Stuff happens. When you do stuff, stuff happens to you. Sometimes directly or indirectly, but pretty much it’s true, what goes around comes around. It’s all a process of watching, evaluating, finding a relation to things that have happened in the past, calculating and projecting variations of how this might look in the future, and basically trying to learn from your wins and/or mistakes.
You try different things, and when you discover a method that gets you what you want, it’s a keeper. It might not be politically correct, maybe a little inappropriate, but it works. In this way, you are the result of what works for you.
When people try to get you to do something that you don’t want to do, there is an initial natural resistance because, of course, you don’t want to do whatever it is. Something happens when you do stuff that is resistant, this “something” is called consequences (you might have heard of them).
This energy is the substance of the stuff which happens to us. Sometimes consequences are imposed upon us by those bigger, tougher, and meaner than us or in authority over us (parents, teachers, bosses, law enforcement, and the government).
In other times, natural consequences are just a “natural” energetic response to the decisions we make and the action we take. The hope is that we might learn from our experience with consequences, natural consequences, at least.
Imposed consequences appear to not be as effective method of training as we might like to think, as the spare-the-rod-and-spoil-the-child model of punishment doesn’t seem to be working very well in our modern society, or else our prisons would not be overflowing with those who insist in noncompliance regardless of any imposed consequences.
Punishment eases your mind if you’re witnessing someone being punished for doing something you don’t like. It makes you feel vindicated and is like a reward to your ego for taking the high road. It’s like, you’re not awarded any recognition for doing the right thing, but it feels good to see others punished for doing the wrong thing. This is punishment’s reward for you, seeing others suffer.
But does it work? No.
Whenever you tell someone, “Don’t,” (fill in the blank), it doesn’t work very well. If you tell a young child, “Don’t touch the burner. It’s hot and it will hurt you!” The child will obsess over the burner for the rest of his or her life, unless he or she tests it out to see if there truly is any natural consequence. If the natural consequence is severe enough, learning happens naturally. If burned from touching the burner, the child will probably never touch a burner again.
Punishment, or discipline, is not a natural consequence, they are unnatural consequences imposed by you or someone else, and the imposition of them does not foster learning. Instead, resentment is the more likely result, which causes the offender to see any imposer of unnatural consequences as a threat who must be defended against, or even punished for bullying the offender who sees him- or herself now as the victim.
Even if you or some arm of the system have obtained compliance via threat of unnatural consequence, the people who have complied will harbor resentment which may be suppressed. On the surface, this may look like a huge success for the imposer, but the truth is, there is little or no respect or love, only resentment and fear.

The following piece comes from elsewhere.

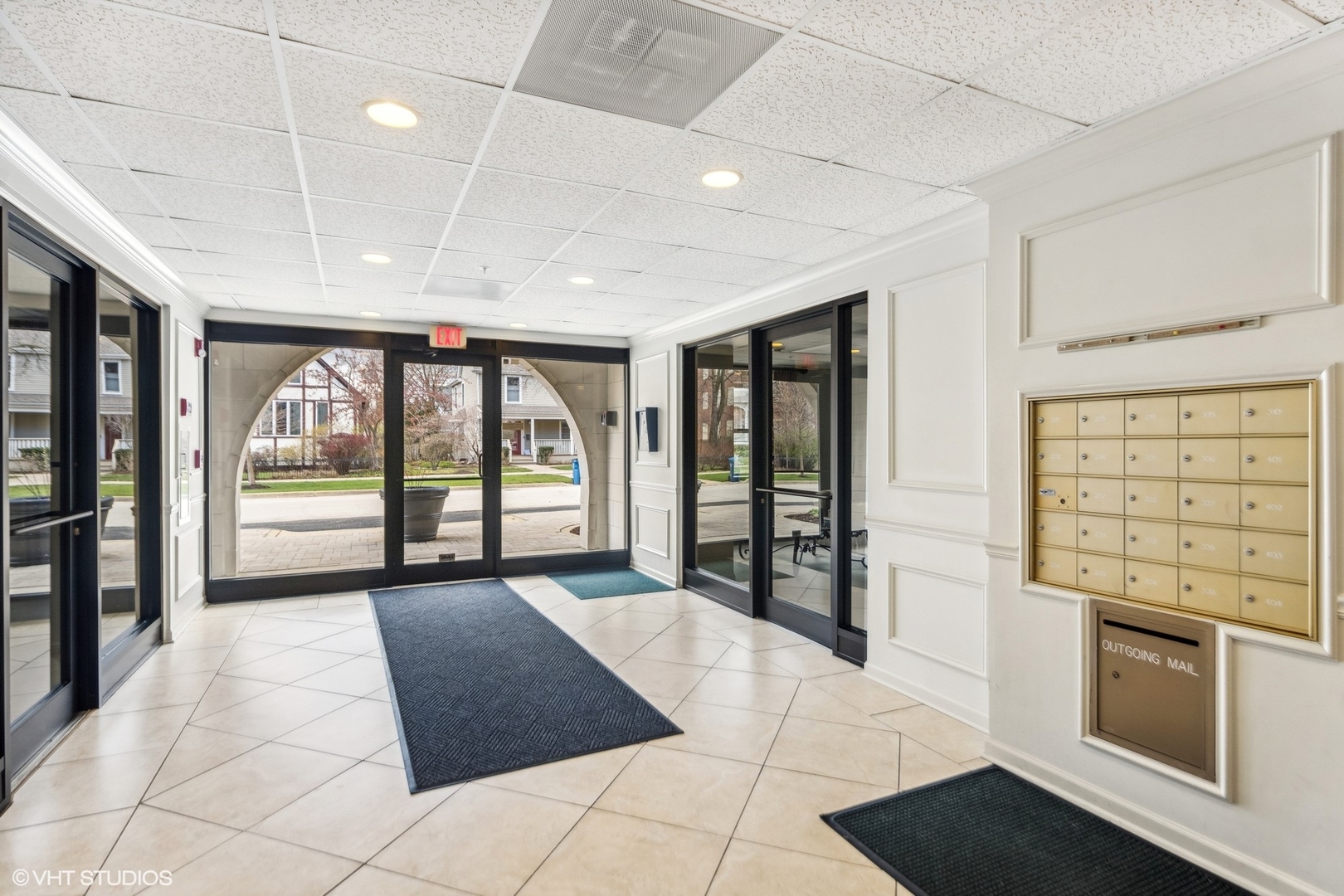 111 N Larch Avenue Unit: 306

Repressed resentment will eventually explode into some manifestation of rebellion unless so much fear is imposed that the offender sees his or her self-submission to a life of slavery as an acceptable means of survival.
There are people who either naturally or unnaturally found their own sense of inner balance. They do not need to be told what is right or wrong or lorded over to force them to behave a certain way. They just have a knowingness within and an innate desire to do the right thing.

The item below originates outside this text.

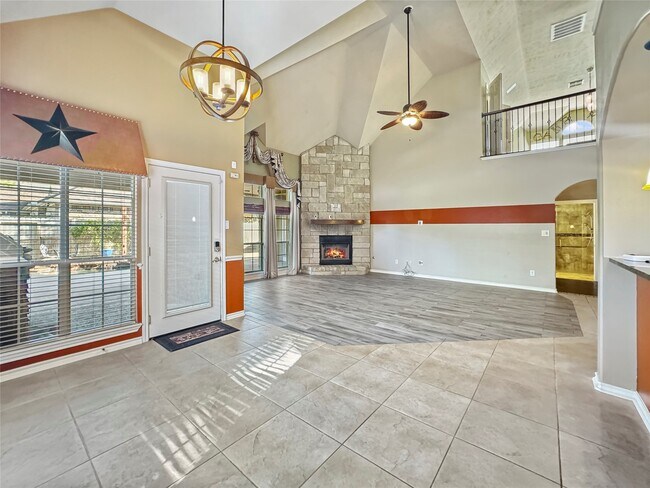 Building Photo - 25619 Canyon Crossing Dr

We would like to see more of them.
Unfortunately, our society has become so obsessed with crime and punishment that even these otherwise self-governing good people are caught up in the punishment-for-compliance system and find themselves being punished, not for doing something bad, but for being in the wrong place at the right time, or inadvertently crossing a law that was put in place to catch criminals, when no crime was committed.
We have so many laws on the books now, who could possibly keep track of them all?
Once you have broken the spirit of one of the good ones, they, too, become one of the other ones, as they give up and surrender to the system of the herd.
I think there should be only one law: Do whatever makes you happy, unless it interferes with someone else’s right to their happiness. That’s all.
Otherwise, let reaction, anxiety, fear, and panic run the show and see where that gets you.